Lord, you have been our dwelling place in all generations.  Before the mountains were brought forth, or ever you had formed the earth and the world, from everlasting to everlasting you are God. You return man to dust and say, “Return, O children of man!” For a thousand years in your sight are but as yesterday when it is past, or as a watch in the night.  You sweep them away as with a flood; they are like a dream, like grass that is renewed in the morning:  in the morning it flourishes and is renewed; in the evening it fades and withers.  For we are brought to an end by your anger; by your wrath we are dismayed. You have set our iniquities before you, our secret sins in the light of your presence. For all our days pass away under your wrath; we bring our years to an end like a sigh. The years of our life are seventy, or even by reason of strength eighty; yet their span is but toil and trouble; they are soon gone, and we fly away.  Who considers the power of your anger, and your wrath according to the fear of you? So teach us to number our days that we may get a heart of wisdom.

Pray that and we’ll bow humbly before our “from everlasting to everlasting” God who holds our life in his hands.  Further, we’ll remember our transience and his mercy to us in Christ that turns his anger from us.

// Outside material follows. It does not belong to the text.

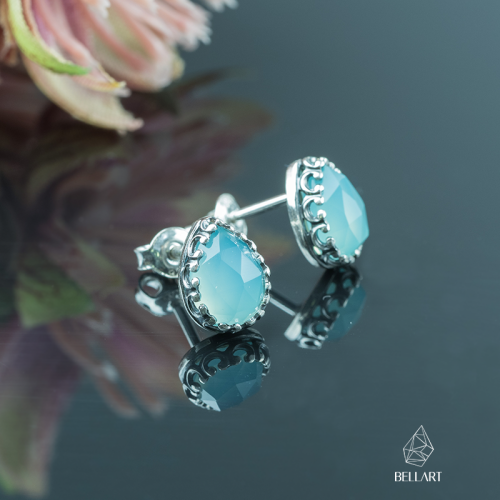 srebrne sztyfty z błękitnym chalcedonem w koronce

Return, O LORD! How long? Have pity on your servants! Satisfy us in the morning with your steadfast love, that we may rejoice and be glad all our days. Make us glad for as many days as you have afflicted us, and for as many years as we have seen evil. Let your work be shown to your servants, and your glorious power to their children.

Pray that, and we’ll remember Jesus is coming again—maybe this new year.  Instead of languishing in the mire of our problems or seeking satisfaction in things that can never satisfy, we’ll be seeking his steadfast love to fill our soul, so we can rejoice and be glad in him.  And, asking for his powerful work, we’ll be reminded of Christ’s resurrection and the gift and gifts of the Spirit.  And we may see him finally answer a long-asked “impossible” prayer, especially for our children.

Let the favor of the Lord our God be upon us, and establish the work of our hands upon us; yes, establish the work of our hands!

We’ll work in the new year.  And while most of it will be important, it will also be passing.  Praying this prayer will call us to work that will be establishing, lasting, even eternal.  It will call us to speak and behave in ways that reveal and honor our Lord.  It will call us to lead our children to faith and disciple them in following Jesus.  It will call us to serve in our church and bear witness to our neighbors.

No, we really can’t know what the new year means to our “from everlasting to everlasting” Lord.  But we can begin 2017 with what we do know—that by going to him in prayer in the name of our Lord Jesus Christ, we can “taste” his eternal life that will one day be fully ours.